I have bad news and good news.
The bad news: the solution I can offer is pretty clunky and inelegant.
The good news: there is work being done on multiple fronts to make this a lot better soon.
The (current) solution:
Manually run two queries, one to get the list of users and another to filter on that list and get the totals.
Query 1 ideally should be this (in PlyQL):
select user, count(distinct device) as devices_count from data group by user having devices_count > 1.5 and devices_count < 2.5
notice the ±0.5 error bound on the device_count this is to account for having approximate counts there that may not be integers.
BUT THAT WONT WORK! there is a bug in Druid where you can not have a having filter on the result of a HyperLogLog
To get around that you could do this (in PlyQL or equivalently in Druid):
select user, count(distinct device)-2 as devices_count_above_2 from data group by user having devices_count_above_2 > -0.5 and devices_count_above_2 < 0.5
No that you have a list of users the second query is straight forward.

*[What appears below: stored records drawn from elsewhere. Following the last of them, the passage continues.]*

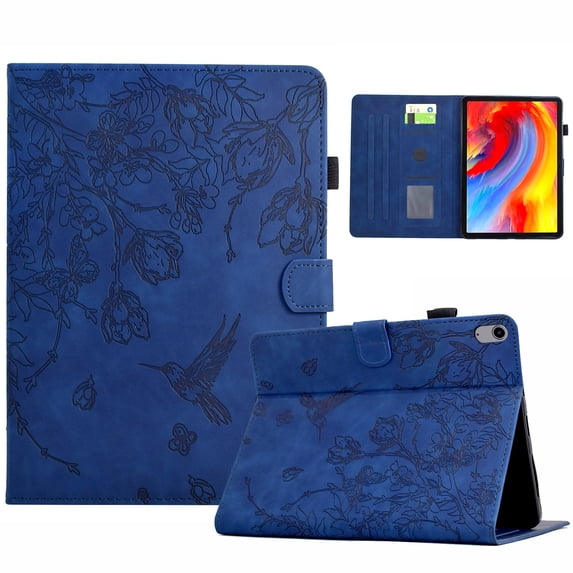 for iPad Mini 7th Gen 2024 8.3" Tablet Case, PU Leather Embossed Flower Pattern Cover with Multi-Angle Flip Stand & Card Slots Protective Cover for iPad Mini 6th Gen 2021 8.3" Case, Darkblue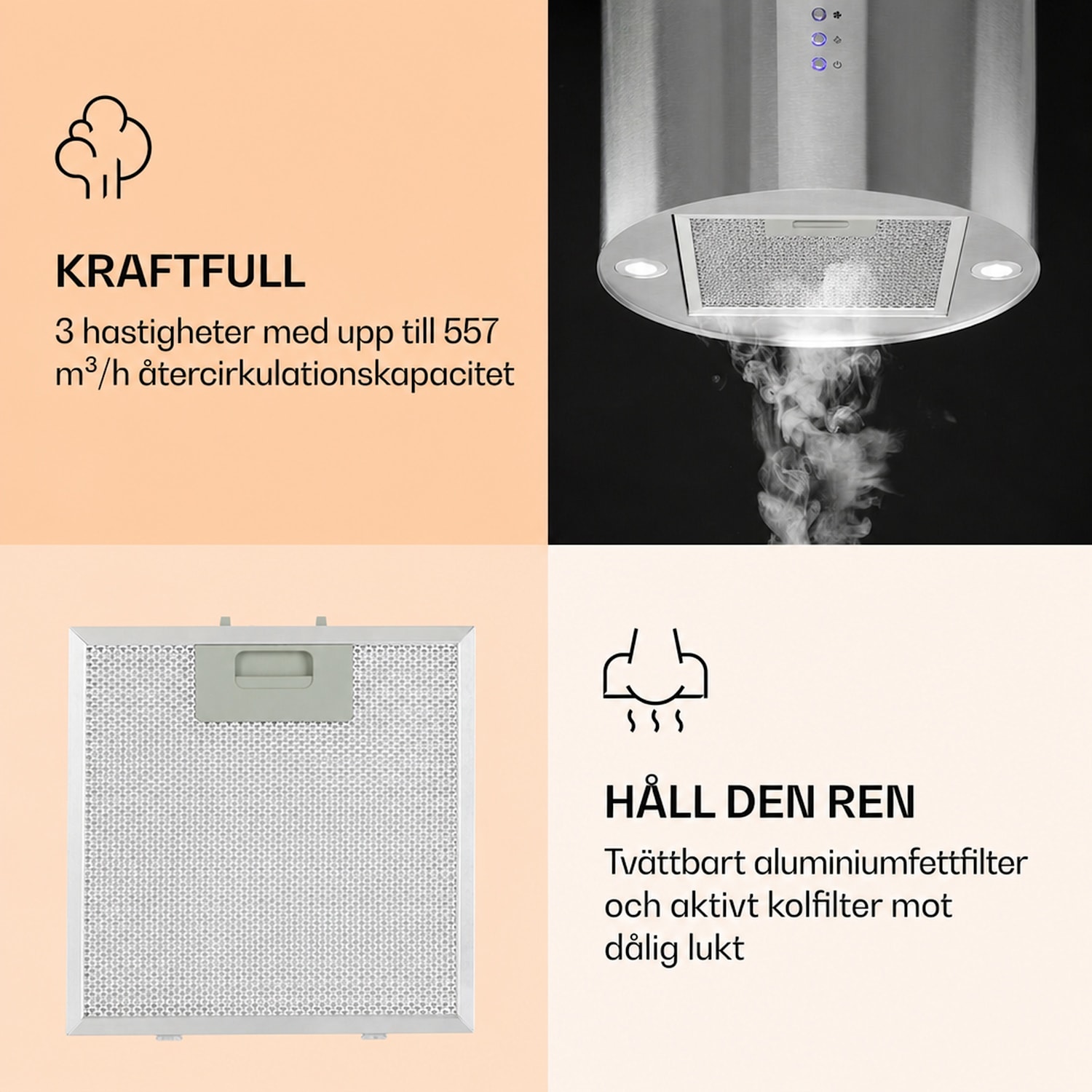 Barella Köksfläkt 35 x 93 cm (Ø x H) cirkulation 518 m³/h LED aktiva kolfilter Rostfritt Stål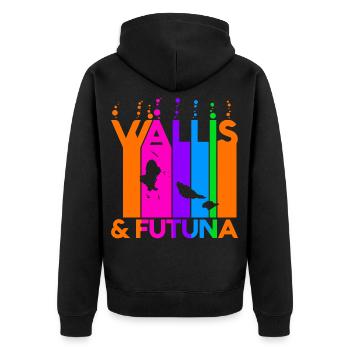 Wallis _ Futuna Bulles colorées et bulles - Veste à capuche bio Premium Unisexe - noir - Dos - Nico (187cm)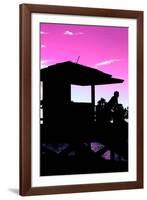 Silhouette of Life Guard Station at Sunset - Miami-Philippe Hugonnard-Framed Photographic Print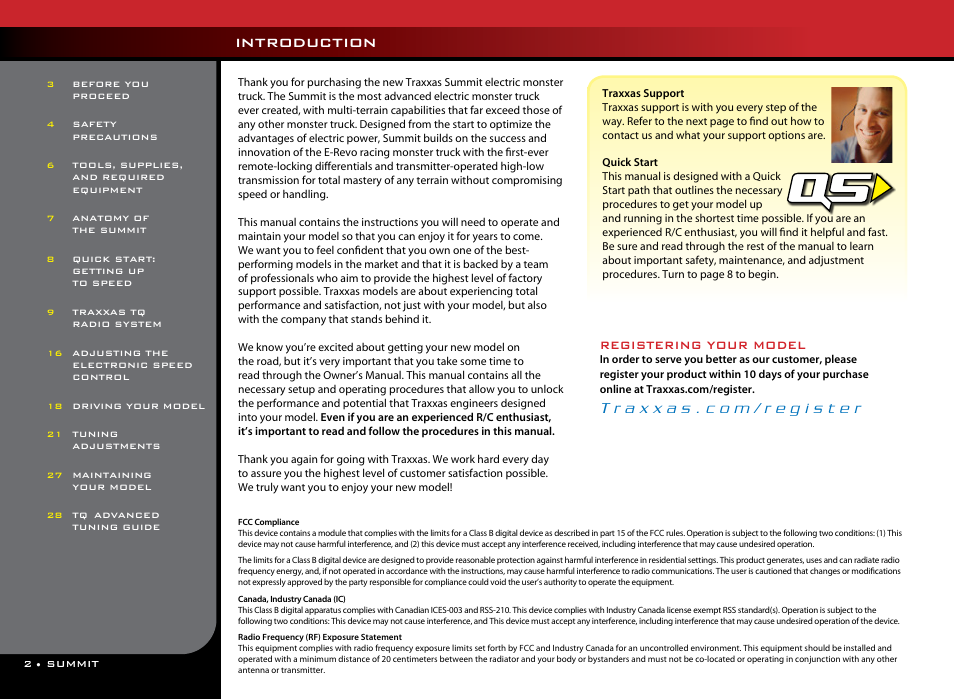 Introduction, Registering your model | Traxxas 56076-1 User Manual | Page 2 / 34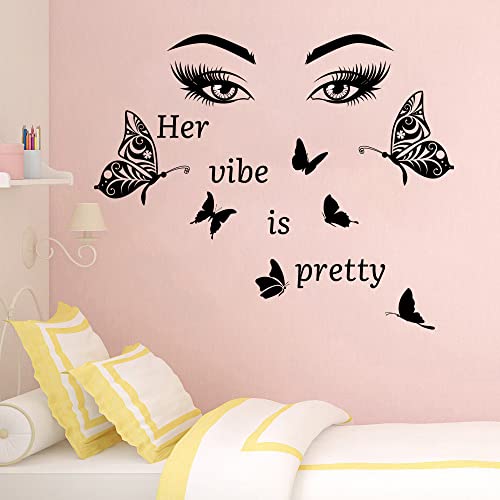 Her Vibe Is Pretty Wall Decals Inspirational Wall Stickers Quotes Eyelash Eyes Wall Decal Vinyl Motivational Saying Positive Lettering Words Wall Decals For Woman Girls Bedroom Living Room Bathroom #TOP3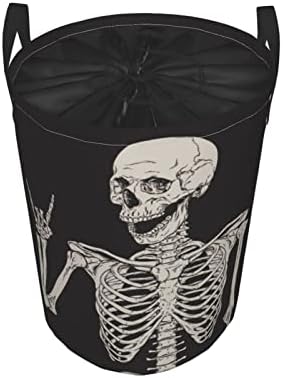 Wozukia İnsan İskeleti çamaşır sepeti Poz Siyah Arka Plan Üzerinde İzole Şeker Kafatası Ölü Cadılar Bayramı Günü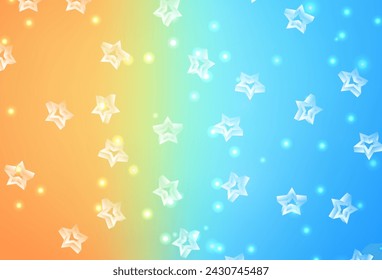 Light Blue, Red vector background with colored stars. Shining colored illustration with stars. Best design for your ad, poster, banner.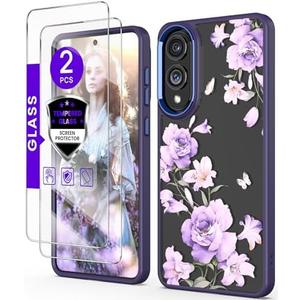 DagoRoo for Samsung Galaxy S25 Edge Case+Tempered Glass Screen Protector, Military Grade Protective Slim Soft TPU Hard PC,Girls Women Crystal Clear Flower Pattern Case Cover for S25 Edge-Deep Purple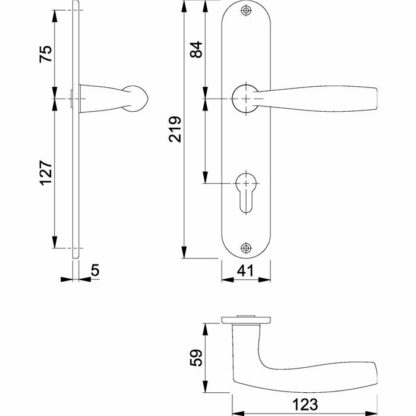 Hoppe Langschildgarnitur Vitória Messing M1515/302 MS F71 PZ 72mm DIN L/R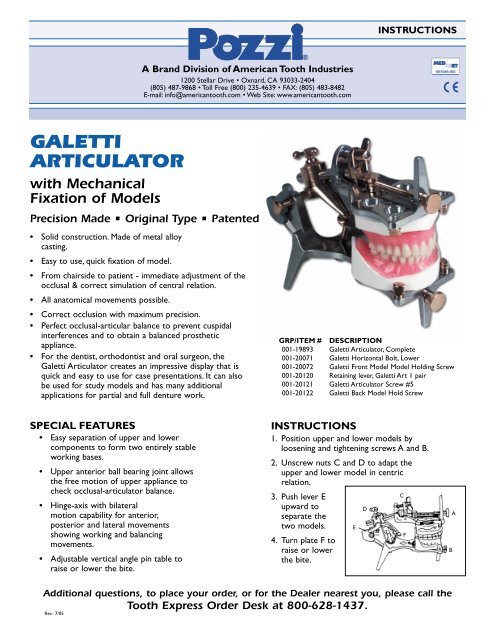 Pozzi Galetti Articulator - American Tooth Industries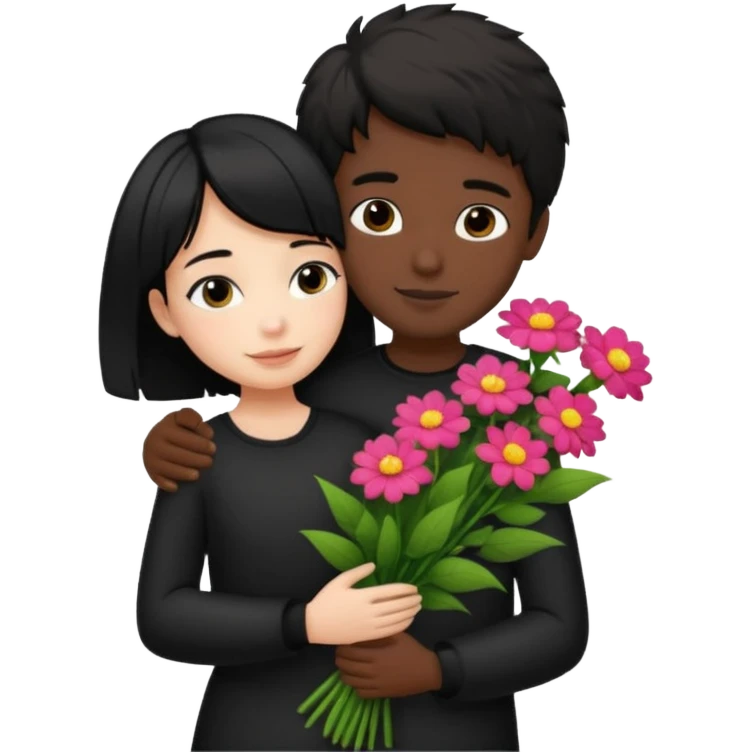 a pretty bratz fair girl with short black shaggy hair with a tall boy hugging her and flowers wearing black  emoji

This approach is still not optimal. You have to run two queries and you have to materialize what might be a huge list of users.
There are 3 areas which are getting fixed right now:
The having on HLL bug is being worked on.
There is talk of adding support for Bloom Filter based filters which would prevent you from having to materialize a huge list of users
I am working on a planner feature in Plywood/PlyQL to allow you to use a query as a filter input to another query.